In both the Tholen- and SMASS-like taxonomy of the Small Solar System Objects Spectroscopic Survey (S3OS2), Erda is an X-type asteroid.

=== Rotation period ===

In June 2006, a rotational lightcurve of Erda was obtained from photometric observations by David Higgins at Hunters Hill Observatory , Australia, and by Rui Gonçalves at Linhaceira Observatory in Portugal. Lightcurve analysis gave a well-defined rotation period of 4.6897±0.0003 hours with a brightness variation of 0.27±0.02 magnitude, significantly higher than previous observations had measured (U=3). The observers also found no indication of a previously speculated companion.

The result supersedes observations from July 2001, when both Robert Stephens and Laurent Bernasconi determined a period of 4.69±0.01 and 4.69±0.05 hours with an amplitude of 0.05±0.01 and 0.06±0.03 magnitude, respectively.

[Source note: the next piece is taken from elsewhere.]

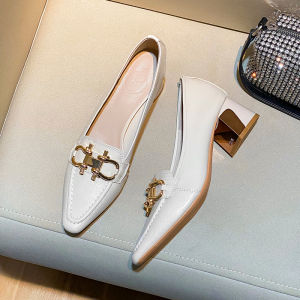 Black Leather Chunky Heel Single Shoes Womens mid Heel High Heels Soft Leather Commute French Vintage Style Fashionable Shoes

=== Diameter and albedo ===

According to the survey carried out by the NEOWISE mission of NASA's Wide-field Infrared Survey Explorer (WISE), the Infrared Astronomical Satellite IRAS, and the Japanese Akari satellite, Erda measures (28.309±1.544), (36.54±1.8) and (37.84±0.45) kilometers in diameter and its surface has an albedo of (0.319±0.060), (0.2300±0.025) and (0.232±0.007), respectively. The Collaborative Asteroid Lightcurve Link derives an albedo of 0.1942 and a diameter of 36.26 kilometers based on an absolute magnitude of 9.6. An alternative mean-diameter measurement published by the WISE team gives (51.074±1.760 km) with an albedo of (0.120±0.007). On 17 April 2010, an asteroid occultation gave a best-fit ellipse dimension of 36.00 × 36.0 kilometers, while a second observation on 15 September 2014, measured an ellipse of 38.00 × 38.0 kilometers These timed observations are taken when the asteroid passes in front of a distant star.